Benito Mussolini 10.06.1940

giovedì 16 aprile 2009

dichiarazione di guerra da Palazzo Venezia

Roma

Combattenti di terra, di mare e dell’aria! Camicie nere della rivoluzione e delle legioni! Uomini e donne d’Italia, dell’impero e del regno dell’Albania! Ascoltate!

Un’ora segnata dal destino batte nel cielo della nostra patria. L’ora delle decisioni irrevocabili. La dichiarazione di guerra è già stata consegnata agli ambasciatori di Gran Bretagna e di Francia. Scendiamo in campo contro le democrazie plutocratiche e reazionarie dell’Occidente che, in ogni tempo, hanno ostacolato la marcia, e spesso insidiato l’esistenza medesima del popolo italiano.

Alcuni lustri della storia più recente si possono riassumere in queste frasi: promesse, minacce, ricatti e, alla fine, quale coronamento dell’edificio, l’ignobile assedio societario di cinquantadue stati. La nostra coscienza è assolutamente tranquilla. Con voi il mondo intero è testimone che l’Italia del littorio ha fatto quanto umanamente possibile per evitare la tormenta che sconvolge l’Europa; ma tutto fu vano. Bastava rivedere i trattati per adeguarli alle mutevoli esigenze della vita delle nazioni e non considerarli intangibili per l’eternità; bastava non iniziare la stolta politica delle garanzie, che si è palesata soprattutto micidiale per coloro che le hanno accettate; bastava non respingere la proposta che il Fuhrer fece il 6 ottobre dell’anno scorso, dopo la finita campagna di Polonia. Ormai tutto ciò appartiene al passato. Se poi oggi siamo decisi ad affrontare i rischi e i sacrifici di una guerra, gli è che l’onore, gli interessi, l’avvenire ferramenta lo impongono, poiché un grande popolo è veramente tale se considera sacri i suoi impegni e se non evade dalle prove supreme che determinano il corso della storia.

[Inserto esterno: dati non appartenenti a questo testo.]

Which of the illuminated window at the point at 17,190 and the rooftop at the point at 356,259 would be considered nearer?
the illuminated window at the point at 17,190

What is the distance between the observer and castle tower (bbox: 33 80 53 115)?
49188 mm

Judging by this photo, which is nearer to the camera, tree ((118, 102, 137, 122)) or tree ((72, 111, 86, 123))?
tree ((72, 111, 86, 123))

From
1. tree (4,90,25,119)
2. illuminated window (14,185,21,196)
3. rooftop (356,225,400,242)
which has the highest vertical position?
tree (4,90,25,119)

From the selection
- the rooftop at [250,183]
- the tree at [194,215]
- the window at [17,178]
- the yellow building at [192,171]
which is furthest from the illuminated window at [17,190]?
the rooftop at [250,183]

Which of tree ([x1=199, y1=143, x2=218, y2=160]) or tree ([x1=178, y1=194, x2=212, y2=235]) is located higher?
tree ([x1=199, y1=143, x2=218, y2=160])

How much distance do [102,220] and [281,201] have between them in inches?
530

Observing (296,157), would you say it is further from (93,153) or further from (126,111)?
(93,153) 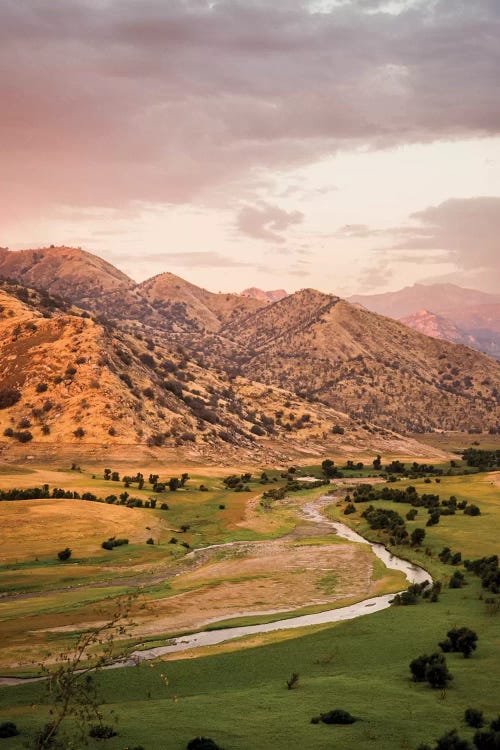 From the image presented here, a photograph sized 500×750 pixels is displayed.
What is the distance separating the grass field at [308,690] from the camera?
19.5 m

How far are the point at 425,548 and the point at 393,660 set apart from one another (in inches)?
1200

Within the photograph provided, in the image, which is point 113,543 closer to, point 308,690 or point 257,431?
point 308,690

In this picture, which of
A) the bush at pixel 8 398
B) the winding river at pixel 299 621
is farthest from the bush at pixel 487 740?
the bush at pixel 8 398

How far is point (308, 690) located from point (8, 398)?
104 m

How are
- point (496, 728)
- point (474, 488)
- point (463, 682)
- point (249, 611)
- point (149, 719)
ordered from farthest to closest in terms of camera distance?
1. point (474, 488)
2. point (249, 611)
3. point (463, 682)
4. point (149, 719)
5. point (496, 728)

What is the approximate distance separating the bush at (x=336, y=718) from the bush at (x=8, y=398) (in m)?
106

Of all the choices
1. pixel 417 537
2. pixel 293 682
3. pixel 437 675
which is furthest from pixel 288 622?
pixel 417 537

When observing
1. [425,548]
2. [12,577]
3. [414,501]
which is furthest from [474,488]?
[12,577]

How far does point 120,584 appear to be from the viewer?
152 feet

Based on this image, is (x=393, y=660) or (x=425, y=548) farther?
(x=425, y=548)

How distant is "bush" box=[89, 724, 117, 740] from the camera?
1905 centimetres

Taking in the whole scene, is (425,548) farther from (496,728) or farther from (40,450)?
(40,450)

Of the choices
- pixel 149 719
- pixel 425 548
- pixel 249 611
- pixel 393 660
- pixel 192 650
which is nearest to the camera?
pixel 149 719

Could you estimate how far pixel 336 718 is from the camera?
20500mm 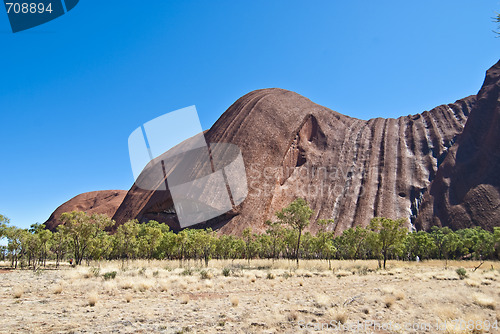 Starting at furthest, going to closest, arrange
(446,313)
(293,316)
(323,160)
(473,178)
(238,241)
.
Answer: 1. (323,160)
2. (473,178)
3. (238,241)
4. (446,313)
5. (293,316)

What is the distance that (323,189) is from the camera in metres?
80.7

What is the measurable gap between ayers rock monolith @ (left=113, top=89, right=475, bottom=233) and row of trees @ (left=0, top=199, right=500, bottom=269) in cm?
954

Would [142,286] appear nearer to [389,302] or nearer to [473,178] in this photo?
[389,302]

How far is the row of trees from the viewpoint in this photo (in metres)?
34.8

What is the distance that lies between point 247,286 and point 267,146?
215 feet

Noi impugniamo le armi per risolvere, dopo il problema risolto delle nostre frontiere continentali, il problema delle nostre frontiere marittime; noi vogliamo spezzare le catene di ordine territoriale che ci soffocano nel nostro mare, poiché un popolo di quarantacinque milioni di anime non è veramente libero se non ha libero accesso agli oceani. Questa lotta gigantesca non è che una fase dello sviluppo logico della nostra rivoluzione; è la lotta dei popoli poveri e numerosi di braccia contro gli affamatori che detengono ferocemente il monopolio di tutte le ricchezze e di tutto l’oro della terra; è la lotta dei popoli fecondi e giovani contro i popoli isteriliti e volgenti al tramonto; è la lotta tra due secoli e due idee. Ora che i dadi sono gettati e la nostra volontà ha bruciato alle nostre spalle i vascelli, io dichiaro solennemente che l’Italia non intende trascinare nel conflitto altri popoli con essa confinanti per mare o per terra. Svizzera, Jugoslavia, Grecia, Turchia, Egitto prendano atto di queste mie parole e dipende da loro, soltanto da loro, se esse saranno o no rigorosamente confermate.

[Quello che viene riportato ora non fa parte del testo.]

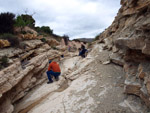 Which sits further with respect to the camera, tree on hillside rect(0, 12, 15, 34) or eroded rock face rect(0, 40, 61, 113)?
tree on hillside rect(0, 12, 15, 34)

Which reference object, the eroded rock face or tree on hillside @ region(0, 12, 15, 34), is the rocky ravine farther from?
tree on hillside @ region(0, 12, 15, 34)

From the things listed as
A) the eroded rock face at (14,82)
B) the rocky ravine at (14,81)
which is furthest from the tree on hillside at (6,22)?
the eroded rock face at (14,82)

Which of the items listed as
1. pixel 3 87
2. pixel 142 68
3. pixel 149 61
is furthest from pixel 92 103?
pixel 3 87

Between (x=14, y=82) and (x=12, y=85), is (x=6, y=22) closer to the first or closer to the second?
(x=14, y=82)

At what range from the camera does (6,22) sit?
11039 mm

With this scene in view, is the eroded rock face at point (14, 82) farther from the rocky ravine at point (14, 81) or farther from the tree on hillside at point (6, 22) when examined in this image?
the tree on hillside at point (6, 22)

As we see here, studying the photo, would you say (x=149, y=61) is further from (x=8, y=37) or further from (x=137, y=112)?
(x=8, y=37)

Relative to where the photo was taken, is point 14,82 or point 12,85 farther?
point 14,82

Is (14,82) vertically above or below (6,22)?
below

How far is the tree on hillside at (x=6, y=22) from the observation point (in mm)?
10655

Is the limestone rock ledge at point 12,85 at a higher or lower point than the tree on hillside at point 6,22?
lower

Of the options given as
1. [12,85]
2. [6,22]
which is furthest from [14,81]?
[6,22]

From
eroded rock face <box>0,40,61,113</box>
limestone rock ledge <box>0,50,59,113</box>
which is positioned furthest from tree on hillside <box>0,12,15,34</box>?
limestone rock ledge <box>0,50,59,113</box>

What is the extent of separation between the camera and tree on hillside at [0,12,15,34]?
1065cm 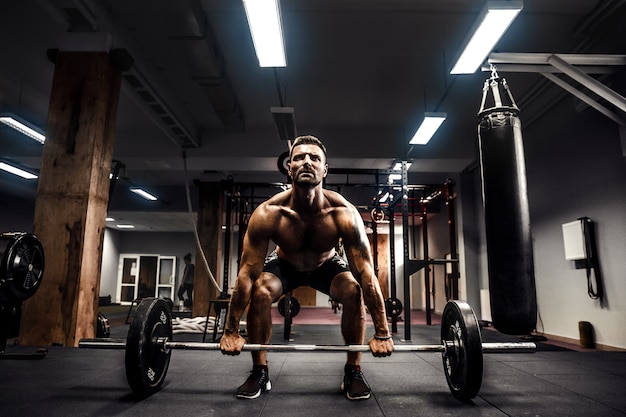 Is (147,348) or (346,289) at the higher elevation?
(346,289)

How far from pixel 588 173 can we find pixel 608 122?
567mm

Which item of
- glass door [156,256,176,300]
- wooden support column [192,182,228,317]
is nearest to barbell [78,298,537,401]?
wooden support column [192,182,228,317]

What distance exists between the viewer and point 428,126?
4.53 meters

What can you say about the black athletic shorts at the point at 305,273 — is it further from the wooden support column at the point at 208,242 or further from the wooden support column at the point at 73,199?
the wooden support column at the point at 208,242

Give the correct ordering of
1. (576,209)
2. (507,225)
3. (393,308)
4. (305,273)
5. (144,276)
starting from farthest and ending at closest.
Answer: (144,276), (393,308), (576,209), (305,273), (507,225)

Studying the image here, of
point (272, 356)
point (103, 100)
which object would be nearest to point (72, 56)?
point (103, 100)

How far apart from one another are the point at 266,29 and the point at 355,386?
2.44 m

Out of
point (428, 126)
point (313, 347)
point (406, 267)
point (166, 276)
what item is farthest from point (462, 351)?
point (166, 276)

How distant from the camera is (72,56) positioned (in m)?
3.34

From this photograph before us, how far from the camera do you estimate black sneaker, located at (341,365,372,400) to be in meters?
1.78

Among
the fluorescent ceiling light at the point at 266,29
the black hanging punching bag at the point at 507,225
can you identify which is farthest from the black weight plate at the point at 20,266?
the black hanging punching bag at the point at 507,225

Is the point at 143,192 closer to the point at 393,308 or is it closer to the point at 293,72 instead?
the point at 293,72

Italiani ! In una memorabile adunata, quella di Berlino, io dissi che, secondo le leggi della morale fascista, quando si ha un amico si marcia con lui fino in fondo. Questo abbiamo fatto con la Germania, con il suo popolo, con le sue meravigliose forze armate. In questa vigilia di un evento di portata secolare, rivolgiamo il nostro pensiero alla maestà del re imperatore che, come sempre, ha interpretato l’anima della patria. E salutiamo alla voce il Fuhrer, il capo della grande Germania alleata.

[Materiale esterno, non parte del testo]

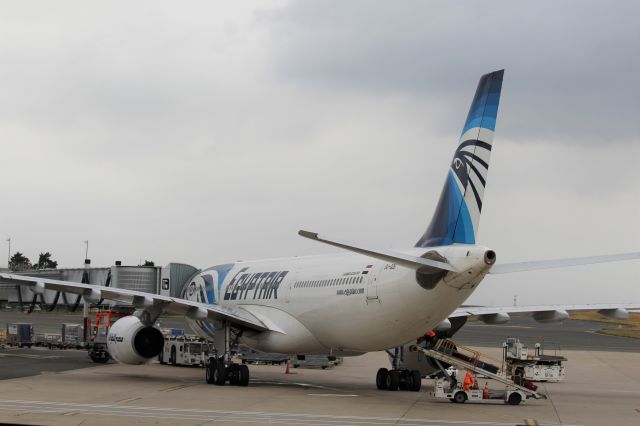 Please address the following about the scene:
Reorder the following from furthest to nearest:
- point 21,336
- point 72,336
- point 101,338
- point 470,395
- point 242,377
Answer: point 21,336 → point 72,336 → point 101,338 → point 242,377 → point 470,395

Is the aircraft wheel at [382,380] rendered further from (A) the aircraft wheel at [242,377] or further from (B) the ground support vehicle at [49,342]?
(B) the ground support vehicle at [49,342]

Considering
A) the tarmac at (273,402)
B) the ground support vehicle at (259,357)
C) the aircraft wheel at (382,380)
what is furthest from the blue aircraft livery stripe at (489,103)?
the ground support vehicle at (259,357)

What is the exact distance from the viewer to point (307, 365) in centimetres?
3788

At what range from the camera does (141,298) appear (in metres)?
27.6

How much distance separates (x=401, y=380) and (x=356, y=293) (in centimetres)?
450

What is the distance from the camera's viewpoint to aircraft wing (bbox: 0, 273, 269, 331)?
26.9 m

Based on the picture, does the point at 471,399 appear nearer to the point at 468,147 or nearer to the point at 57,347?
the point at 468,147

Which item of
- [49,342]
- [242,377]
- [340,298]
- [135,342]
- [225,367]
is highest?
[340,298]

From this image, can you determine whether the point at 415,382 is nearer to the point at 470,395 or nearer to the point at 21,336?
the point at 470,395

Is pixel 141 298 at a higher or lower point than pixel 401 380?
higher

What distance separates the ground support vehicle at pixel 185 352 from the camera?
36.2 metres

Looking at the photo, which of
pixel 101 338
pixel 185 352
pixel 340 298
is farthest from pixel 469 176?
pixel 101 338

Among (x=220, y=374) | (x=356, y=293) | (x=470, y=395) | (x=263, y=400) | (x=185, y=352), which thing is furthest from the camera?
(x=185, y=352)

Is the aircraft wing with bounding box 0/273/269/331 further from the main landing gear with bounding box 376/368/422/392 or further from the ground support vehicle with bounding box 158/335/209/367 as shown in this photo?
the ground support vehicle with bounding box 158/335/209/367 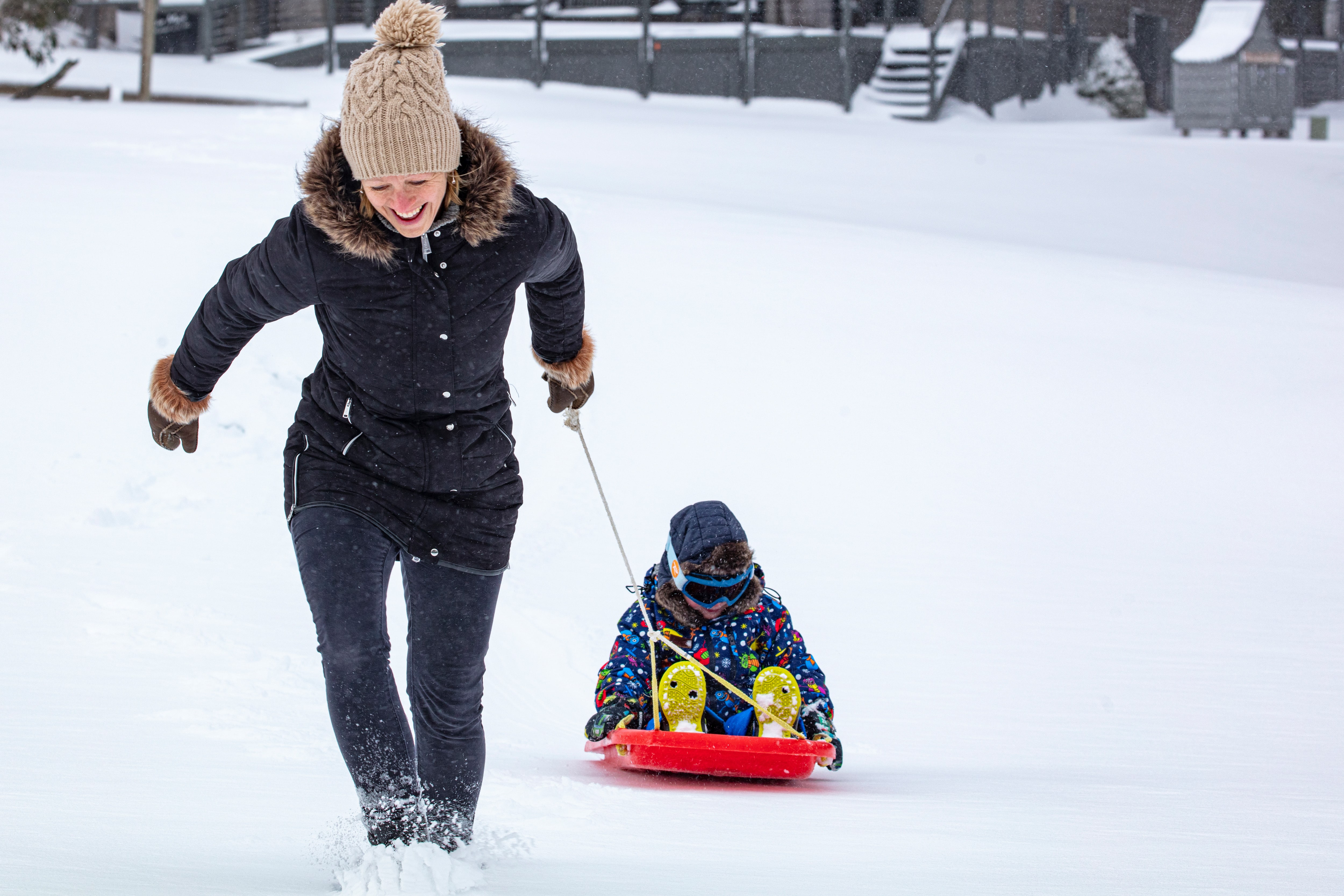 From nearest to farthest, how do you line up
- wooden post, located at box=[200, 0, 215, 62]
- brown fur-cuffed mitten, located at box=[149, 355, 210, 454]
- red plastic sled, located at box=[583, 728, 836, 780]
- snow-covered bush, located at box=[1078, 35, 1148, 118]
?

L’Italia proletaria e fascista, è per la terza volta in piedi, forte, fiera e compatta come non mai. La parola d’ordine è una sola, categorica e impegnativa per tutti. Essa già trasvola e accende i cuori delle Alpi all’Oceano indiano: VINCERE !

E vinceremo, per dare finalmente un lungo periodo di pace con la giustizia all’Italia, all’Europa, al mondo.

Popolo italiano! Corri alle armi! E dimostra la tua tenacia! Il tuo coraggio! Il tuo valore!